The Permian’s Delaware sub-basin also has seen increased activity, with five rigs now running. These include two on the Willow Lake system by Concho Resources Inc. and three on the Nautilus Pipeline by Royal Dutch Shell plc. These should result in 15-20 wells being connected to Crestwood’s system in the final three months of the year and higher volumes in early 2021, according to management. There also is a large inventory of “cheap” drilled but uncompleted wells in the Permian projected to come online in the coming year.
Citing the recent rise of New York Mercantile Exchange strip pricing to $3.00/MMBtu and above, Phillips said management is beginning to see “active drilling” in the Barnett Shale of North Texas. It also has a “very positive outlook” for the Powder River Basin (PRB) as Chesapeake Energy Corp. starts to bring back oil production.
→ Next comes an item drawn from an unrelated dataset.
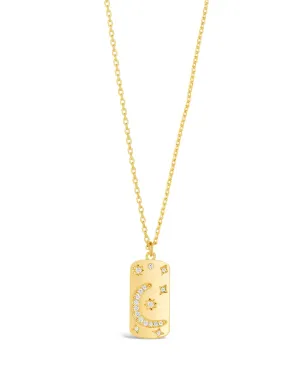 CZ Celestial Dog Tag Pendant Necklace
The Stagecoach pipeline in the Marcellus Shale reported record transportation volumes during the third quarter, with the bulk of capacity under firm contracts and generating “very stable revenue streams,” according to Phillips.
Meanwhile, the tightness developing in the U.S. market creates “incremental opportunity for us to continue servicing our customers on the storage and transportation side” and highlights the need for incremental outlet points in Appalachia going forward. “I think that all of that bodes well for the value of pipeline in the ground today, and we will continue to position our Stagecoach assets as irreplaceable premier infrastructure assets up there servicing that growing production.”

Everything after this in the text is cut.